Recently, many R packages have been developed that interface Open Access data repositories
using corresponding API specifications internally. In fact, this type of packages represents a large
portion of all packages included in the Task View. Here, we just give a few examples from different
areas. Within the area of Ecology and Evolutionary Biology we have packages such as rgbif and rnbn
for biodiversity data and rfishbase and rfisheries for fishery data. In the area of Genomics rsnps and
rentrez allow for the interaction with various SNP (Single-Nucleotide Polymorphism) repositories and
NCBI (National Center for Biotechnology Information), respectively. In Earth Science, for example,
implementations for downloading data from the Climate Reference Network (crn package) and
obtaining data from National Centers for Environmental Prediction (RNCEP package).
In the Economics and Business area the WDI scrapes World Bank’s world development indicators,
in the Finance area packages like TFX connects to TrueFX for free streaming real-time and historical
tick-by-tick market data for interbank foreign exchange rates, and in the Marketing area the anametrix
package is bidirectional connector to the Anametrix API.
The rpubchem package interfaces the PubChem collection in the Chemistry area whereas cimis is
a package for retrieving data from CIMIS, the California Irrigation Management Information System in
the area of Agriculture. To quote an example from Sports, the nhlscrapr compiles the NHL (National
Hockey League) real time scoring system database. More packages are listed in the Task View.

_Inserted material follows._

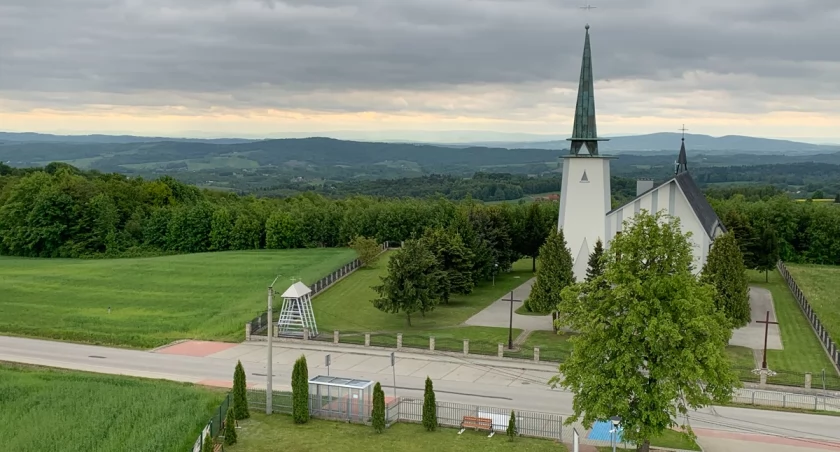 Głobikowa położona jest w górzystym i zalesionym terenie. Nie jest łatwo prowadzić tu poszukiwania.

Collecting data from the Web
A core aspect of Web scraping is to harvest unstructured data, often texts, from the Web. The Internet
provides massive amounts of text data from sources like blogs, online newspapers, social network
platforms, etc. Especially in the areas like Social Sciences and Linguistics, this type of data provides a
valuable resource for research. Once the data are harvested, the tm package offers many functionalities
to handle text data in R.
Companies such as Google, Facebook, Twitter, or Amazon provide APIs which allow analysts to
retrieve data. Several convenience packages have been implemented in R which facilitate the use of
these API. With respect to Google we have RGoogleStorage which provides programmatic access
to the Google Storage API, RGoogleDocs interfaces the Google Documents API, translate provides
bindings for the Google Translate API, scholar provides functions to extract citation data from Google
Scholar, RGoogleTrends gives programmatic access to Google Trends data, and RgoogleMap allows
to import Google maps into R. In order to interact with Facebook, Rfacebook package provides an
interface to the Facebook API whereas twitteR and streamR interact with Twitter. Regarding Amazon
services, the AWS.tools package provides access to Amazon Web Services (EC2/S3) and MTurkR
gives access to the Amazon Mechanical Turk Requester API.
In terms of newspapers, the GuardianR package provides an interface to the Open Platform’s
Content API of the Guardian Media Group whereas RNYTimes interfaces to several of the New York
Times Web services for searching articles, meta-data, user-generated content, and best seller lists.
Again, the packages we list here represent only a small portion of packages contained in the Task View.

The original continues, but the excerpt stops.